The importance of being prolific - zmitri
http://www.chicagotribune.com/entertainment/ct-ae-0624-prolific-artists-20120622,0,1889158,full.column
======
paisible
A few months ago, I started a projet with a few friends, whereby we commit to
each writing and recording one original song per week, then meet on thursday
to listen to everyone's creations and critique. As far as I am concerned, this
experience persuaded me that taking more time does certainly not equate
producing higher quality material ; up until now, I had taken months and
sometimes years (!!) to finish and sometimes never end up recording songs,
always unhappy with the final result, and with no deadline, unable to simply
let go of my ego and release. The goal with la Chanson Du Jeudi
(www.lachansondujeudi.com) was to adopt a more "Bob Dylan" approach, ie : do
one-take recordings if that's all we had time for (none of us are professional
musicians in any capacity), and respect the act of creation above that of
perfecting.

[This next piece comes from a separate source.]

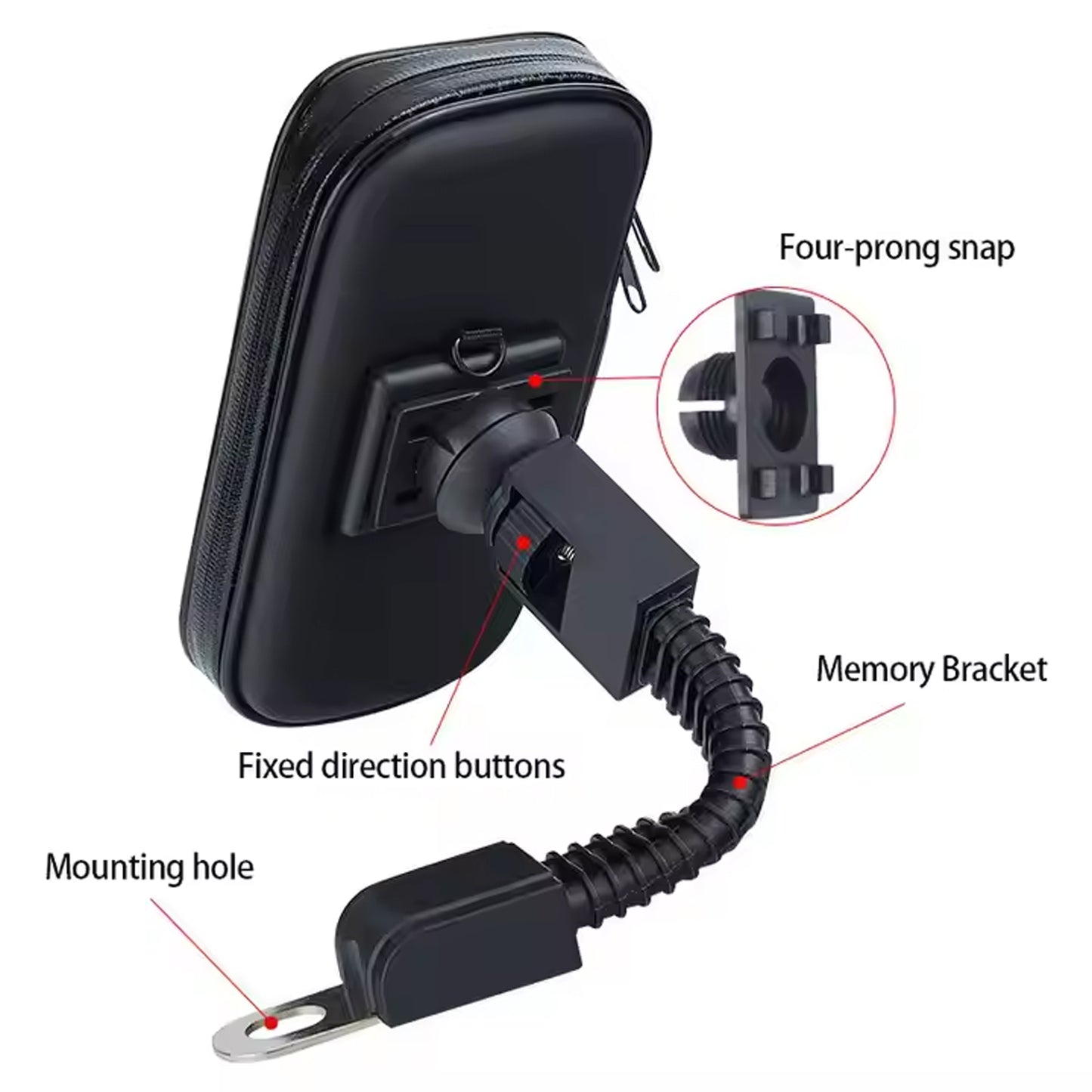 Wukusy weather-resistant bike phone holder case mounted on a bike handlebar, designed for secure outdoor use.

In most cases, we'd end up writing, composing and recording the
night before or day of, which led us to go down creative paths that would
otherwise maybe have been discarded. Interestingly, I was talking with a
friend last night who is applying pretty the same concept to picture-taking :
a group of friends decide on a topic, and submit pictures every week to a
Flickr channel and vote on them. Much like the need to produce songs on a
regular basis forced me to start recording any little idea that came to me to
be sure I had something to close the week, she now consciously takes her
camera everywhere she goes for this project's purpose.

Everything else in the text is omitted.